Pour son deuxième long métrage, la réalisatrice Stéphanie Di Giusto s’inspire de la vie de Clémentine Delait, une femme à barbe ayant connu la célébrité au début du XXe siècle mais en décalant le récit en 1870. Dans une France meurtrie par la guerre franco-allemande, l’arrivée de cette femme singulière dans un village de Bretagne crée des remous dans un film terriblement inconsistant. 

Portrait poussif

C’était une autre époque, bien avant les applications de rencontre, quand il fallait encore poser pour une photographie.

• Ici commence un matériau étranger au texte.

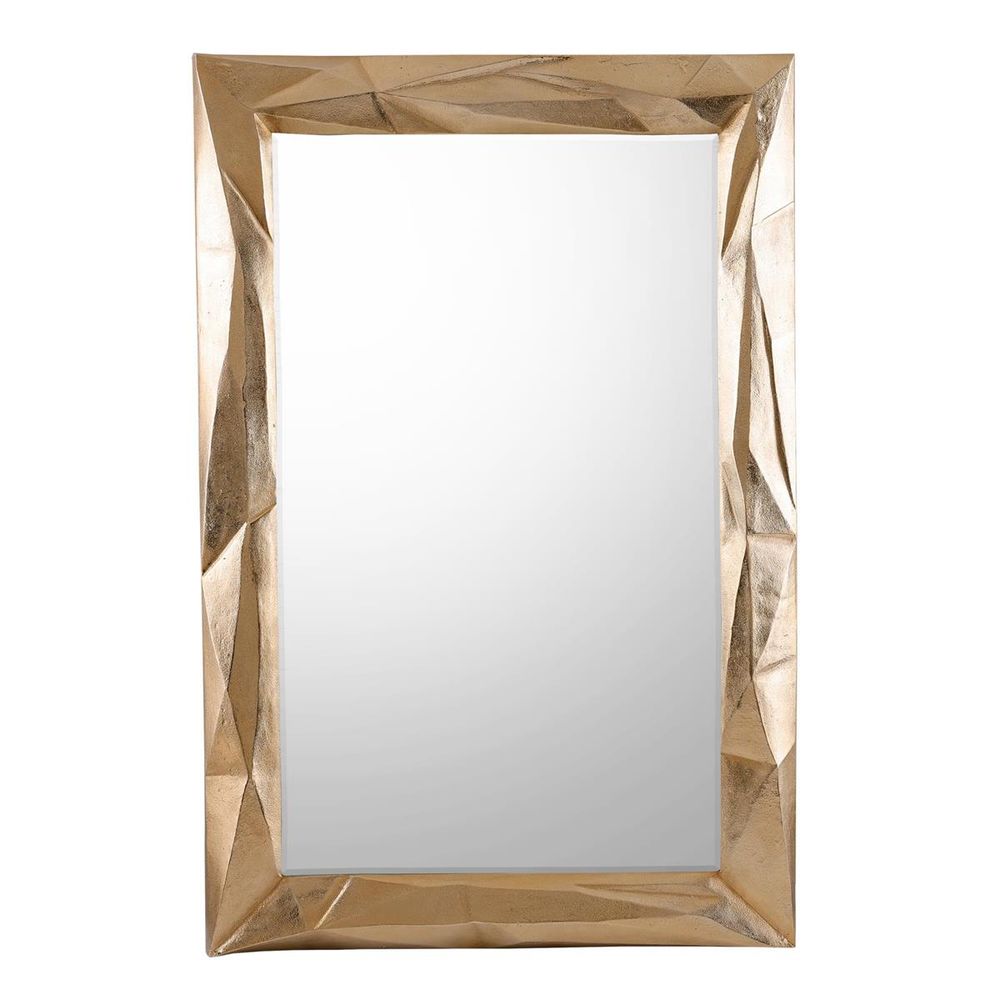 Wall Mirrors Ruga Mirror, Gold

Rosalie (Nadia Tereszkiewicz) et Abel Deluc (Benoît Magimel) ne se sont jamais rencontrés, ni vus avant leur mariage. Dans un premier temps, ce patron d’un café en perdition se montre heureux d’avoir une épouse aussi jolie, jusqu’à leur première nuit dans le même lit : Rosalie cache un secret, une pilosité exceptionnelle pour une femme, qui s’étend à son visage, qu’elle rase soigneusement. Le rejet est complet de la part de cet homme gravement blessé durant la guerre, et son comportement rustre envers sa femme interroge dans le village. Rosalie, au caractère fort, décide de prendre avantage de sa singularité : sa barbe sera un argument pour relancer la clientèle du café, mais sa présence dérange certains, et d’autant plus lorsqu’elle ira jusqu’à poser pour des photos de charme. 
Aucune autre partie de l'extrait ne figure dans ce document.